Friday night's projection of Hurricane Dorian hitting Florida's east coast.
Photo Submitted by Ruelle Fludd

Hurricane Dorian became a Category 4 hurricane on Friday, according to the National Hurricane Center. The storm is projected to hit the Bahamas starting this weekend.

 Potential landfall on Florida’s Atlantic Coast is predicted to start on Sunday or Monday.

The National Hurricane Center added, “Life-threatening storm-surge and devastating hurricane-force winds are likely along portions of the Florida east coast by early next week.”

On Thursday afternoon, Florida Gov. Ron DeSantis extended the original state of emergency from 26 counties to the entire state. Citizens are advised to execute their emergency preparations, stay informed through their local news stations and stay safe.

The Florida Division of Emergency Management operates under the Federal Emergency Management Agency, and it released a list of counties that are under voluntary/phased evacuation orders. These counties include Glades, Hendry, Martin, Osceola, Palm Beach and St.

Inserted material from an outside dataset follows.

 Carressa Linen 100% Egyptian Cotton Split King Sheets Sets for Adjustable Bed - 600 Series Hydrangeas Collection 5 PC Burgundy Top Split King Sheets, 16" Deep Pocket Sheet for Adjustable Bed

Lucie.

“Make sure to have a tank full of gas and stock your vehicle with emergency supplies in case you need to evacuate. Listen to directions from local officials and know your evacuation route ahead of time,” the Florida Division of Emergency Management said in a statement. Their site offers more information and links to evacuation zones, preparation and county emergency management.

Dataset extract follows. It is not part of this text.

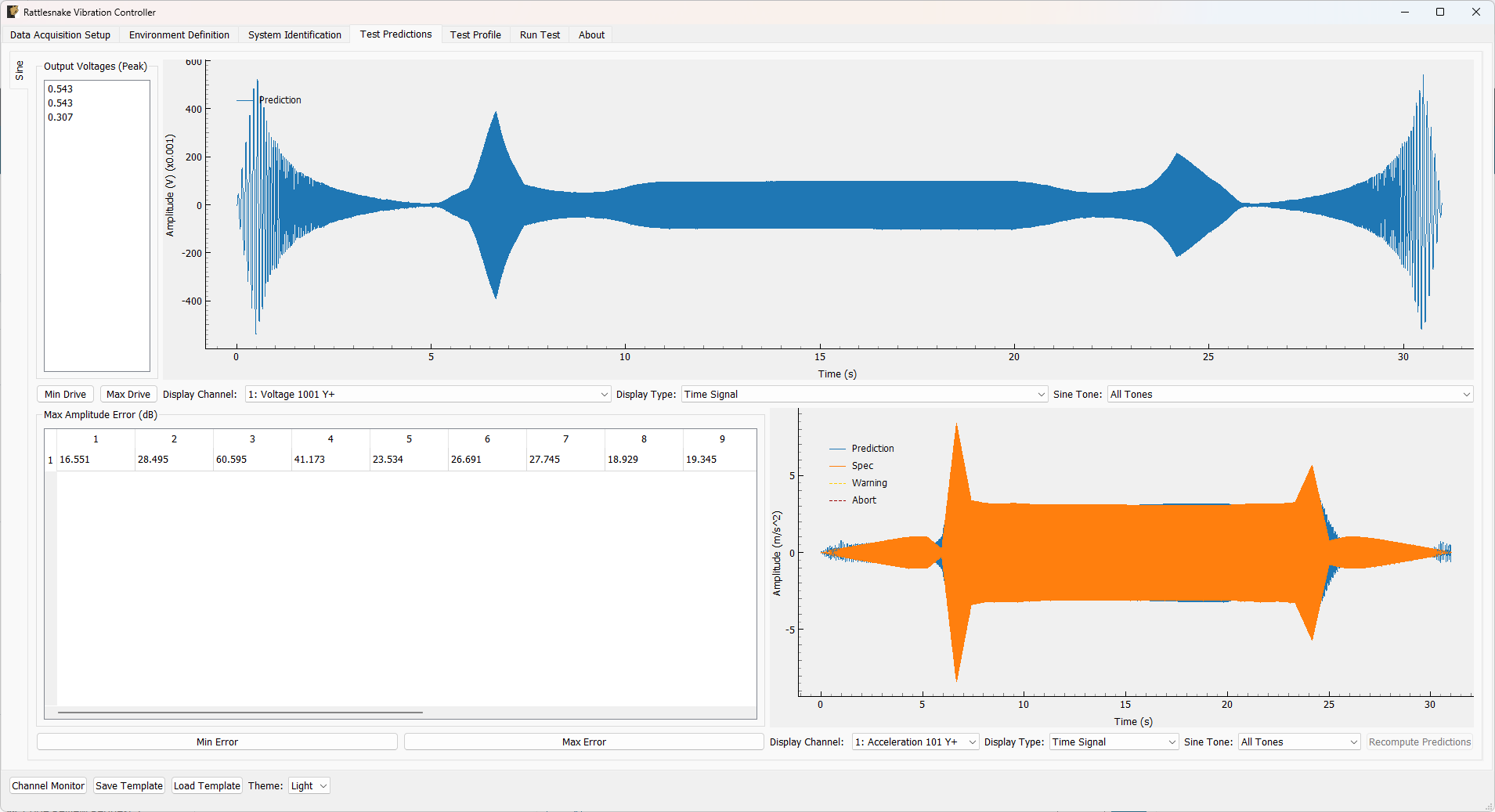 Prediction UI used by the MIMO Sine environment.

While Tallahassee is not in the direct path of the projected cones, emergency preparations are still underway. On Thursday afternoon, the city of Tallahassee started preemptive hurricane measures. From 7 a.m. to 7 p.m. at two separate locations, the city is offering sand and bags to citizens who bring their own shovels for up to 25 bags per household.

Florida A&M University has begun preparations on campus for the Category 4 storm. On Friday evening, FAMU said that its Tampa, Orlando, Brooksville, Jacksonville and Davie locations will be closed until Wednesday. FAMU’s Police Department was unable to provide a comment but through email said, “generators, water, food and other emergency supplies have been moved into place on campus in preparation for bad weather.” Students should be advised that the Foster-Tanner band building will serve as a shelter if evacuation is necessary.

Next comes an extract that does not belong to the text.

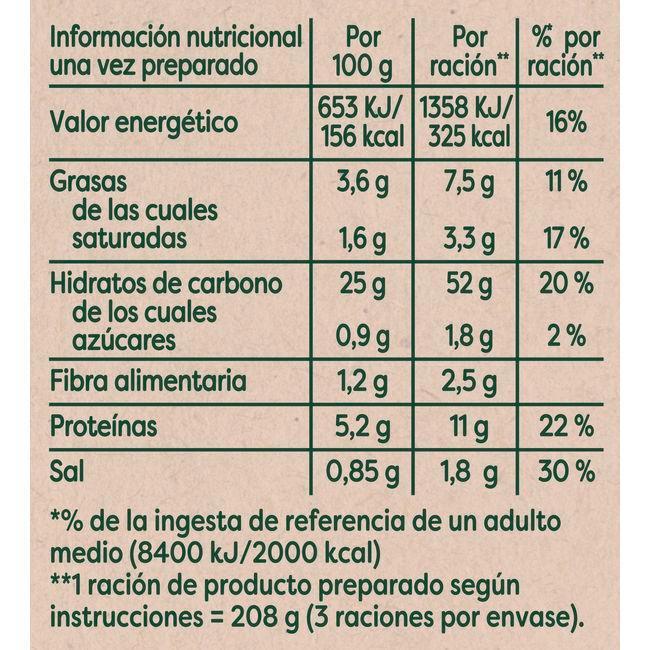 Eroski Tortellini De Jamón KNORR Bolsa 250 G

Curt Sommerhoff, the Emergency Management Director at Florida State University, works closely with the National Weather Service in Tallahassee to determine how the campus will move forward. “We’re continuing to monitor the storm and tracking its path. We see how it’s moved east-bound and we’re hoping it continues that way,” Sommerhoff said.

Despite Hurricane Dorian’s recent change, local news and the National Hurricane Center advises citizens to still be prepared for heavy rainfall and possible flooding.